Asilla has incorporated the knowledge and know-how gained from Akira Saito, a product development advisor to former detectives and the former head of the National Police Agency, into the AI, which can detect elderly people who are involved in special fraud and make transfers, as well as "out-siders," or criminals who are in the process of withdrawing money from ATMs after being entrusted with cash cards.
This is in the feasibility study stage and is a POC start. We look forward to hearing from everyone who has an issue.
The total amount of damage caused by cheating at pachinko and slot machines was 28 billion yen in six and a half years. The system is capable of detecting and alerting on unnatural hand movements (other than inserting coins or cards), scurrying gestures, and other suspicious behavior at the tables, and continuously tracking the inside of a store across multiple cameras.
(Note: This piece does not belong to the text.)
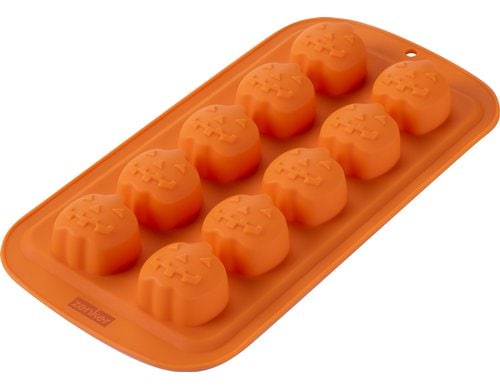 Zenker Silikonform Mini Kürbis Halloween Schoko/Backen/Eiswürfelform, 10er, orange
This is also in the feasibility study phase and will be a POC start. We look forward to hearing from all of you who have issues.
Behavior Recognition AI" is being used to improve quality levels and work efficiency by alerting operators to procedural errors and analyzing their work carefully on the production line. A feasibility study has been completed and we are looking for a joint product development and sales partner.
We are looking for companies that have channels into the manufacturing industry, including food production lines and pharmaceuticals, and are interested in working with us. We would be very happy if we could commercialize this project and support small and medium-sized manufacturing companies in Japan, as the skills of skilled workers, which cannot be automated, are at risk of not being passed on to the next generation due to the aging of the workforce.
Recently, the social implementation of artificial intelligence (AI) systems to "replace the human visual cortex" seems to be progressing steadily, but there is a view that it remains a "PoC" and does not actually create much business value.
We believe that the reason for this is that the system is limited to the recognition of a single image. Most of the AI products that have been launched in the world that advocate alternative value to the visual cortex recognize a single image using a CNN or other methods.
On the other hand, Asilla has been working on its technology day by day to achieve a high technological goal, believing that the replacement of human visual cortex can be realized only by analyzing images in time series as well as processing human visual cortex system since its foundation.
Our goals were so lofty that it took us seven years to bring our "action recognition AI" to the commercial stage and eight years to release the product. However, we feel that it was worthwhile to keep our initial ambition, and we were able to introduce a technology that many people highly appreciate.
We hope that you will utilize Asilla's "Behavior Recognition AI" and "AI Security System for Facilities" to improve your business value in the market.